WHAT YOU ARE ASKED TO DO:
In the listing below, the answer starts at the line that has "Used SIEMENS 800" and stops after the line that has "Deer White Новинка"; please repeat that part exactly and nothing more.

DATA SHOWN START

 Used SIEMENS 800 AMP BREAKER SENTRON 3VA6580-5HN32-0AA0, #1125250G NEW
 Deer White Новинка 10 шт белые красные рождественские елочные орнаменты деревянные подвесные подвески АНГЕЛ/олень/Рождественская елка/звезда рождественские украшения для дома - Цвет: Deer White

DATA SHOWN END
DATA SHOWN START

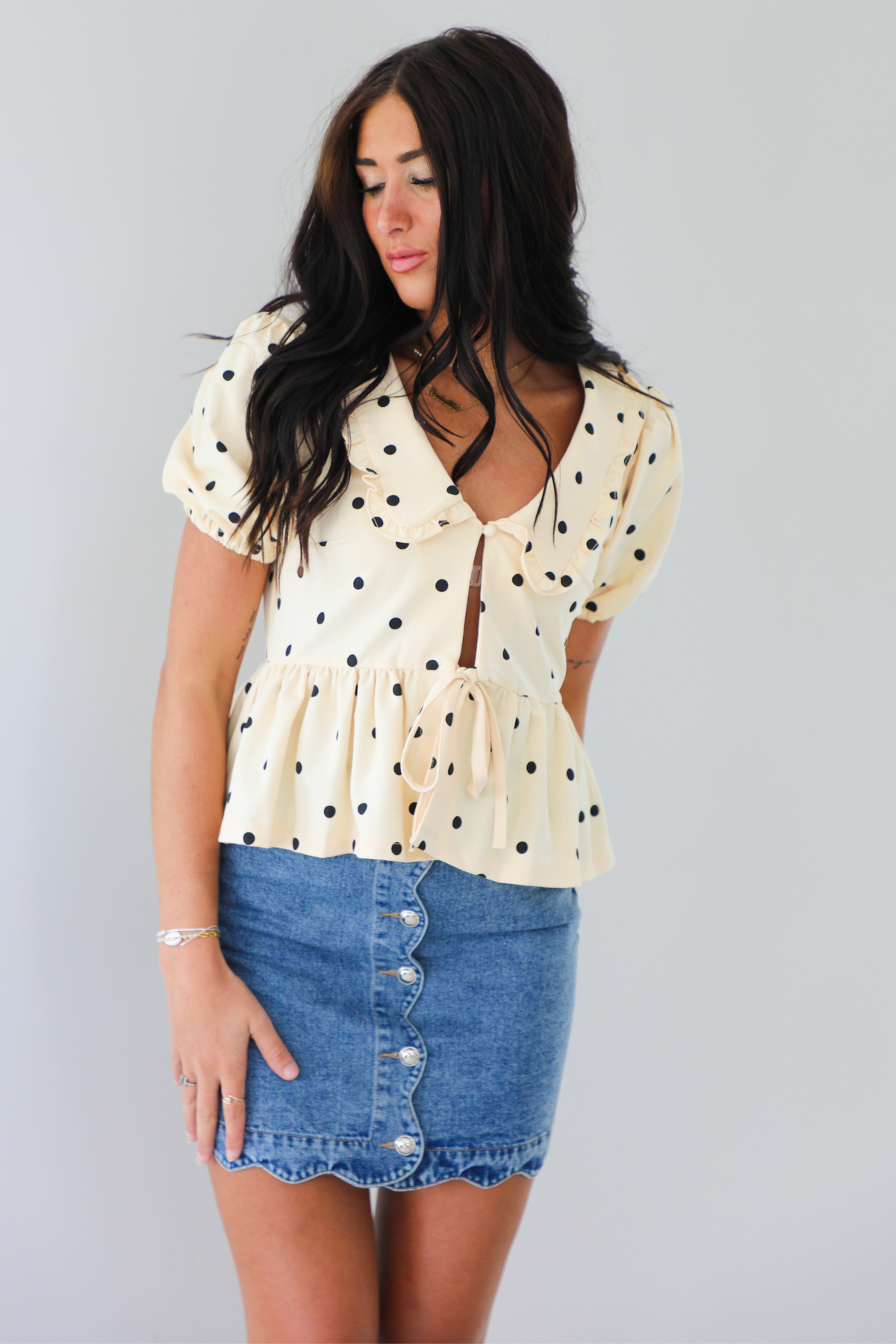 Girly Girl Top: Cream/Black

DATA SHOWN END

TASK SOLUTION:
 Used SIEMENS 800 AMP BREAKER SENTRON 3VA6580-5HN32-0AA0, #1125250G NEW
 Deer White Новинка 10 шт белые красные рождественские елочные орнаменты деревянные подвесные подвески АНГЕЛ/олень/Рождественская елка/звезда рождественские украшения для дома - Цвет: Deer White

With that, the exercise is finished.